I had so many fears after our divorce. How could I not? I witnessed family members and friends trying to recover from horrendous divorces, all of which seemed to be very unconscious and vindictive.
I carried with me a stigma about divorce. “People that get divorced need to fight, defend, protect, and constantly prove themselves worthy.” That’s what I believed to be true because this is what they emulated.
I watched families getting torn apart, people having to choose a side, friends becoming enemies, children being used as currency, couples using their retirement funds in order to battle in court, and guilt and shame keeping women paralyzed years later.
Little did I know that my fate would lead me down the divorce rabbit hole. I would have never imagined it would be me, after nineteen years and two children. And I also never imagined that I, one day, would be sitting outside a courtroom, in a sea of other distraught parents, thinking to myself, “How the hell did I get here? How did we become these unconscious people?”
What does unconsciously divorcing look like?
- Not having a clear plan
- Unhealed baggage
- Shattered ego and pride
- Using your kids to fulfill your needs
- Blaming your ex for your unhappiness
- Not owning how you got to this unconscious place
- Unrealistic expectations
- Putting your kids in the middle
- Competition parenting
- Jumping into another relationship without healing
- Not being able to co-parent
- Having to “win” all costs
- Reacting to everything rendering you powerless
- Still energetically attached in divorce
What did all of this teach me? That there are no winners in divorce, only opportunities to heal or stay stuck in a victim mindset. It becomes a choice, you can either fight and defend your worthiness and continue to remain powerless, or you can love yourself enough to step away from the fight.
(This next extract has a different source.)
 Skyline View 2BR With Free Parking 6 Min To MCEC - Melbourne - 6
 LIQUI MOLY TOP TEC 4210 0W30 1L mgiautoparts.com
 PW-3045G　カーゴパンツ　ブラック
I know the fight. I brought it with me everywhere I went: the fortress I built, the armor I wore, gloves on anticipating the next swing. I had to be ready! I was NEVER going to put myself in that vulnerable place again. I had to hold tight out of fear of what I could possibly lose next.
The energy I carried was heavy. It came with a price. Fear will make you forget who you are; it will choke the life out of any relationship, and what you fear you will attract, and I did attract just that.
As a divorced mother, a universal fear that we carry is “losing” our children. We try to control because we are so afraid that we will lose what we believe is ours.
Glennon Doyle says, “control is love without trust.” I had no trust. I felt alone in divorce, unsupported, left to figure things out on my own. People that I once trusted turned their backs on me because they couldn’t support my decision to leave. That lack of trust penetrated motherhood. I tried to be strategic in my parenting so that I could control the outcome, which was not losing my kids.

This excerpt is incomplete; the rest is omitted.